*Problem*
Tally the lines of the entries in which the string "Used" occurs, and say only how many.

*Records provided*
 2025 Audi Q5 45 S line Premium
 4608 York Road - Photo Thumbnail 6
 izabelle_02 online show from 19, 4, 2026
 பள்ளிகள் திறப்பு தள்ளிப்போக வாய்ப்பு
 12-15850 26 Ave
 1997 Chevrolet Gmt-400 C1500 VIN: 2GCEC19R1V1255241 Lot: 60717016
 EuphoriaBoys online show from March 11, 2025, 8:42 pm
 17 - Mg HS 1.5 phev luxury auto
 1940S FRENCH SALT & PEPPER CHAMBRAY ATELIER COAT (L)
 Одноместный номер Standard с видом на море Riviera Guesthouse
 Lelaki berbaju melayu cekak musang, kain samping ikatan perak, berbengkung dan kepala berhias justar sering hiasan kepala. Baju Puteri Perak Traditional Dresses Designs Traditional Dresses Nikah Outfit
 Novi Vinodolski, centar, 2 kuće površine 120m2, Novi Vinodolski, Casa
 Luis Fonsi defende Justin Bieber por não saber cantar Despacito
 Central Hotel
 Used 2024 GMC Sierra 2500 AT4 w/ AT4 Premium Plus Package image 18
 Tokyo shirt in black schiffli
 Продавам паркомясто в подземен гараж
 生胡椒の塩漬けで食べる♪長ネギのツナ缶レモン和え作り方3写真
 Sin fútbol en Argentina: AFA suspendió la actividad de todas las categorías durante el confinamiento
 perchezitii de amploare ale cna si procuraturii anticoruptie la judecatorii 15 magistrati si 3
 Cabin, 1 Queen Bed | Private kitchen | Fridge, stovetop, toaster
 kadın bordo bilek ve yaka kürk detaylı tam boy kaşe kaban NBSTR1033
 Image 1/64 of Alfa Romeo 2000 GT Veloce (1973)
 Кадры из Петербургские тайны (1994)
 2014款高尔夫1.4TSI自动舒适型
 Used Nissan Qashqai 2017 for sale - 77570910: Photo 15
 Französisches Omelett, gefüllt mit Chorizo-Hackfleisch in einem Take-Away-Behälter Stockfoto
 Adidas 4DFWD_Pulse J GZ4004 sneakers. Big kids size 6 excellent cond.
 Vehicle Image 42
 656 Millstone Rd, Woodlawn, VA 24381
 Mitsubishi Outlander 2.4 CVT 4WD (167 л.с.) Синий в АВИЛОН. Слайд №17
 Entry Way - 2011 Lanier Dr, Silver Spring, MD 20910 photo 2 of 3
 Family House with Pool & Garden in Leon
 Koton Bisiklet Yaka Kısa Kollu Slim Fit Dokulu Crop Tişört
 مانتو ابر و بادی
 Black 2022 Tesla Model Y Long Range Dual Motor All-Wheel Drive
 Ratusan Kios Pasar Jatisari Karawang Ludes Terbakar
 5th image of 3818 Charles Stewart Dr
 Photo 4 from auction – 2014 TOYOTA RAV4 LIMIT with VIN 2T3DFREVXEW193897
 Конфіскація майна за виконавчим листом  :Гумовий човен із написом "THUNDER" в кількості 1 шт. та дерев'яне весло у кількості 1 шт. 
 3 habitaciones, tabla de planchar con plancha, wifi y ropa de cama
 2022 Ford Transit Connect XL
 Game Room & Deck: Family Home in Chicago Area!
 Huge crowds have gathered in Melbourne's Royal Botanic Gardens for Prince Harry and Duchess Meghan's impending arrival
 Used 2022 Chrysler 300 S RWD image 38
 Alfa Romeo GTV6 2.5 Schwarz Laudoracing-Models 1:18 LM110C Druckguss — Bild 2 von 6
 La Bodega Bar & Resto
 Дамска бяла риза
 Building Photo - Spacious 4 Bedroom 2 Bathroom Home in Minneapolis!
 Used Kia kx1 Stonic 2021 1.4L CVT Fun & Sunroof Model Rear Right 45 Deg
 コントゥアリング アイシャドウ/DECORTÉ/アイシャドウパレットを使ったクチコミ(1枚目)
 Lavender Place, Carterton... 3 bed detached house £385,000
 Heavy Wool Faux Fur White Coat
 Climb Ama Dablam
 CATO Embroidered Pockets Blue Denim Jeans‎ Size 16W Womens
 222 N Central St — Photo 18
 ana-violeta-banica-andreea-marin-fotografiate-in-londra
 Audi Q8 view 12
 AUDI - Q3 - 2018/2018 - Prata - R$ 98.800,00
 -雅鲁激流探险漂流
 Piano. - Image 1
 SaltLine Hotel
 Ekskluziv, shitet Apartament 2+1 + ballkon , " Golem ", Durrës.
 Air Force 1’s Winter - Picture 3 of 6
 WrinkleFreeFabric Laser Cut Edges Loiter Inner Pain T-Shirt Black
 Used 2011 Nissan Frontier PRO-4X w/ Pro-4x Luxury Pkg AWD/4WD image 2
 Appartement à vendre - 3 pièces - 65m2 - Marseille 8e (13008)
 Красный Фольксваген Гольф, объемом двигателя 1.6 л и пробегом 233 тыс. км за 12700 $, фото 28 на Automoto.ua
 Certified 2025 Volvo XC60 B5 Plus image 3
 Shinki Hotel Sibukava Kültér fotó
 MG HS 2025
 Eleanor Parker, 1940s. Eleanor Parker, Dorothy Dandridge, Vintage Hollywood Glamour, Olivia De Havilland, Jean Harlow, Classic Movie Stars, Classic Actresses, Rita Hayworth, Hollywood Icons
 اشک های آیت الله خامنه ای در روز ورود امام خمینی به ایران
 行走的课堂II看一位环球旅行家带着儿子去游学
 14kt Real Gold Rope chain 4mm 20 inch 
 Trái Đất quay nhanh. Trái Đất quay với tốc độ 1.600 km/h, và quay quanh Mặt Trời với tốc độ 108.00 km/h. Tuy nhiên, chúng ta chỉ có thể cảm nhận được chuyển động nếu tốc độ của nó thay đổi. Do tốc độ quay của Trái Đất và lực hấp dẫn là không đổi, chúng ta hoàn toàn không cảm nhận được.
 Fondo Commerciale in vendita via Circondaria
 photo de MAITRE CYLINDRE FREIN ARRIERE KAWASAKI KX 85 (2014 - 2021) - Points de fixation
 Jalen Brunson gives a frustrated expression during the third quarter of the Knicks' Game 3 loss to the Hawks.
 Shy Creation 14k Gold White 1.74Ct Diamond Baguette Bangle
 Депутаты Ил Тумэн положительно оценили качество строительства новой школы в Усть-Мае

*Completed exercise*
5